8. Heinz History Museum
Pittsburgh boasts of having the largest history museum in Pennsylvania. With six floors featuring everything from American history to Pittsburgh history, you can spend hours at the museum and still not see everything it has to offer. It rotates exhibits constantly, so watch out in its newsletters for your favorite displays so you can catch them before they are taken down.
9. Phipp’s Conservatory and Botanical Gardens
Founded in 1893, this historic botanical garden is located in Pittsburgh’s Schenley Park. The garden features fourteen rooms full of exotic plants and floral exhibits a,s well as a grounds full of Victorian metalwork. And all of the environmentalists out there will be pleased to know that the conservatory and gardens ranks one of the “greenest” worldwide. This is one of the most beautiful places to visit in Pittsburgh!

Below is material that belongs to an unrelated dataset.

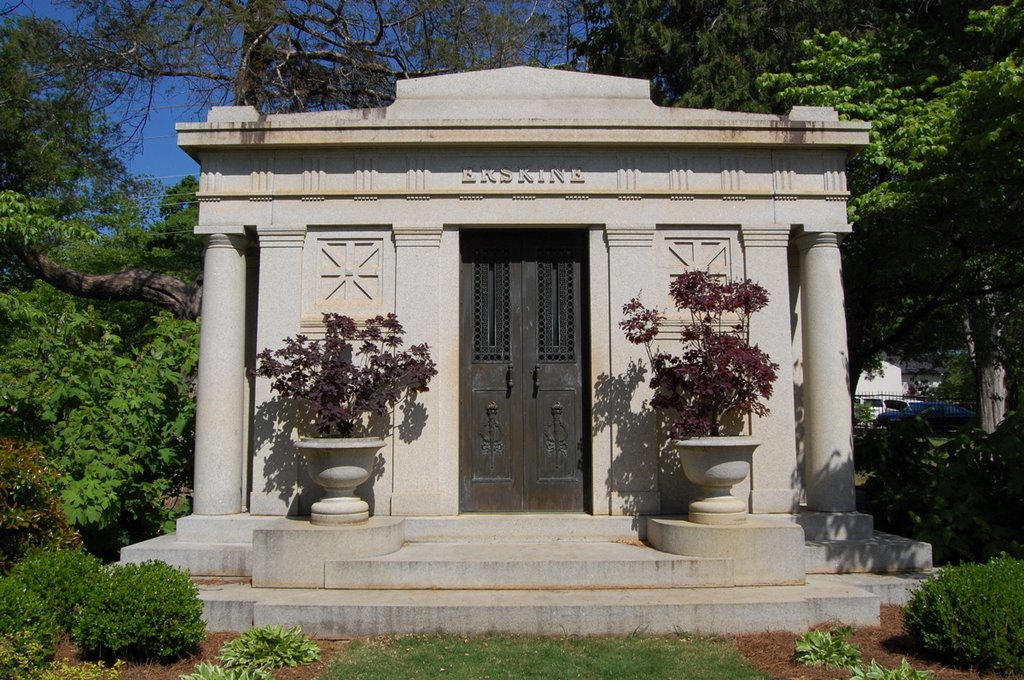 Maple Hill Cemetery - Erskine Mausoleum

10. Pittsburgh Zoo and PPG Aquarium
Ever since I was a little kid, I can remember going to the Pittsburgh Zoo and PPG Aquarium for family trips and school field trips. Each visit has offered me a completely different and wonderful experience, regardless of my age. Take a beginner scuba diving lesson, watch the polar bears swim above your head, or watch a sea lion show. Baby animals are always a favorite at this zoo, so keep an eye out for little ones with their parents. You’ll want to spend several hours here when you visit. Just don’t get lost in the monkey house. That’s really easy to do.
So there you have it. I encourage you to make as many of these stops as possible as you make your way through my beautiful city of Pittsburgh. Oh, yeah, and one more thing: make sure you say “yinz” and not “y’all.” That way, you’ll fit in even better on your visit to the Burgh.